Je ne crois pas ceux qui disent qu'on aura terminé en 2019 l'ensemble du
programme, et qu'après il n'y aura plus rien à faire. Il y a immensément à
faire dans le pays pour le réparer. Le programme de travail sera dense jusqu'au
bout.
- Quelles sont les marges de négociation avec
l'opposition sur la réforme constitutionnelle ?
Il y a trois blocs. Un premier sur la modernisation du
Conseil supérieur de la magistrature, les ex-présidents de la République qui ne
pourront plus siéger automatiquement au Conseil constitutionnel ou encore la
suppression de la Cour de justice de la République. Sur ces points, nous avons
un accord. Il y a un deuxième bloc, qui comprend les engagements du président :
réduction d'un tiers du nombre de parlementaires, limitation du cumul des
mandats dans le temps et introduction d'une dose de proportionnelle aux
élections législatives. Là-dessus, je considère que le président, dans ses
consultations, a fait les gestes pour dégager un accord politique. Puis il y a
un troisième paquet, sur la fabrique de la loi et le contrôle parlementaire.

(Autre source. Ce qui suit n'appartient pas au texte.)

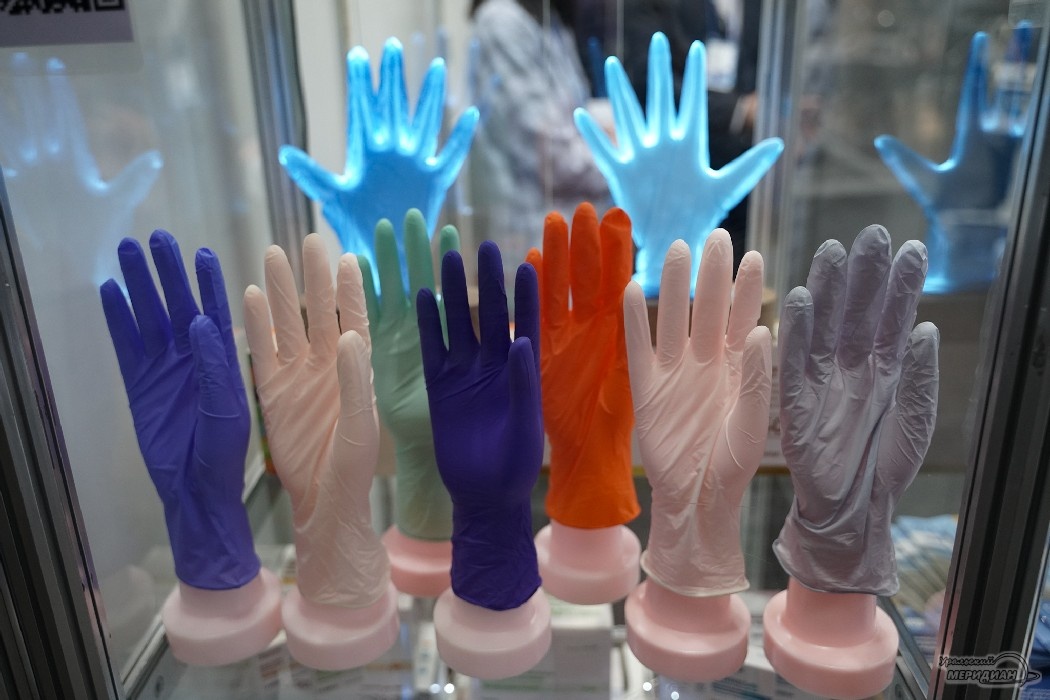    Фото: Лидия Аникина © ИА «Уральский меридиан»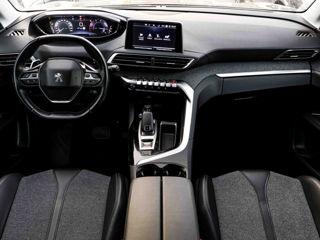 Peugeot 3008 foto 8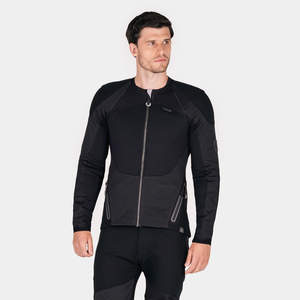 Urbane Pro® Move - Men's Body Armoured Shirt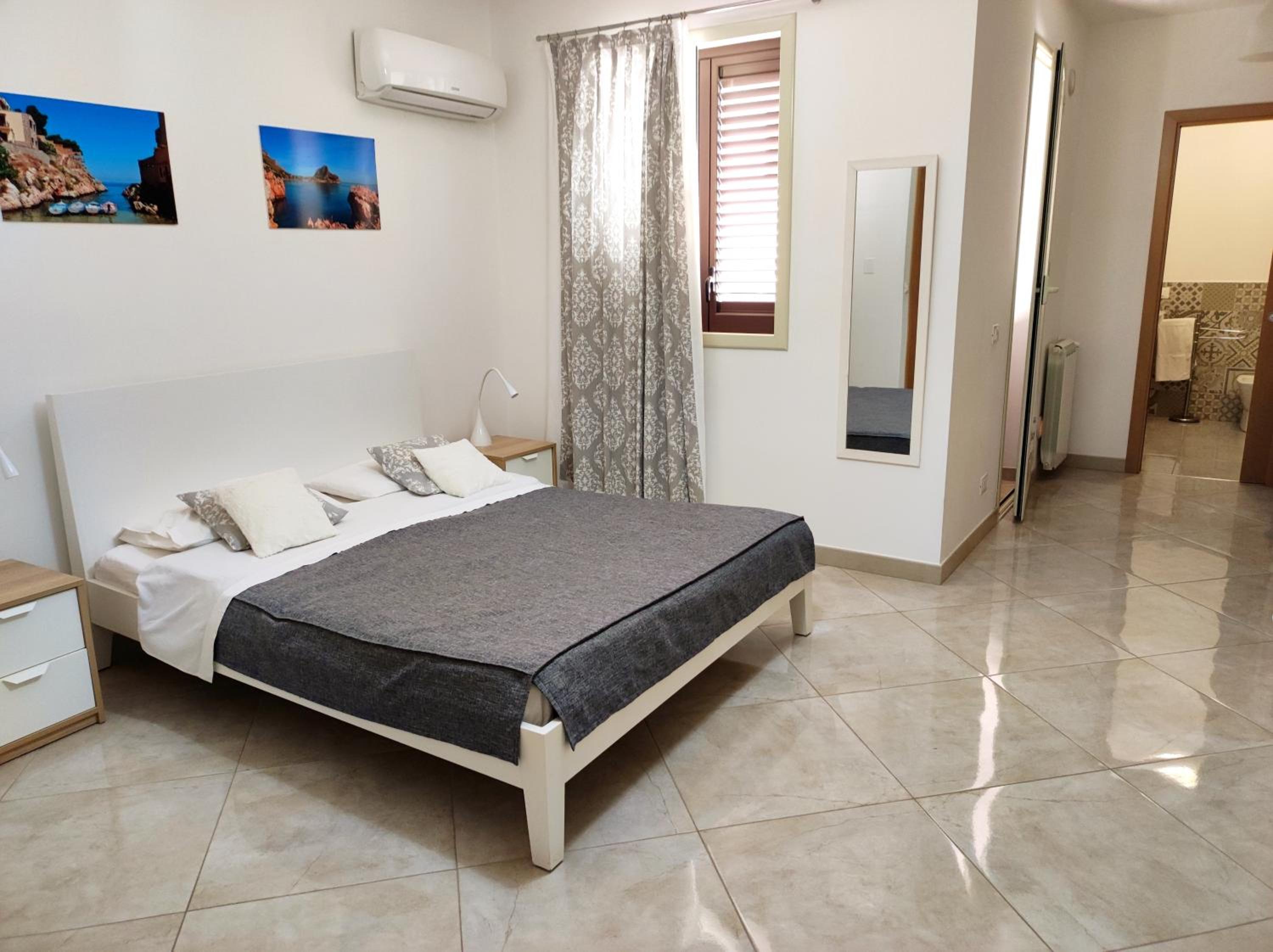 B&B Flavilla view 2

Sur ce dernier volet, notre objectif est d'avoir une discussion parlementaire
riche sur la meilleure façon d'arriver à une forme d'efficacité réciproque.
- La recomposition politique impulsée par M. Macron
est-elle terminée ?
Les cultures de droite et de gauche continuent
d'irriguer le débat public et de marquer l'appartenance des individus. Les gens
me disent: «Je suis plutôt de droite
ou plutôt de gauche, mais j'aime bien ce que vous faites.» Je pense que
l'erreur des partis, et leur échec considérable jusqu'en 2017, vient de
ce qu'ils n'ont pas voulu comprendre que raisonner exclusivement en ces termes,
au-delà des évolutions du monde, c'était très appauvrissant. La recomposition
est encore en cours et les européennes vont continuer à la traduire.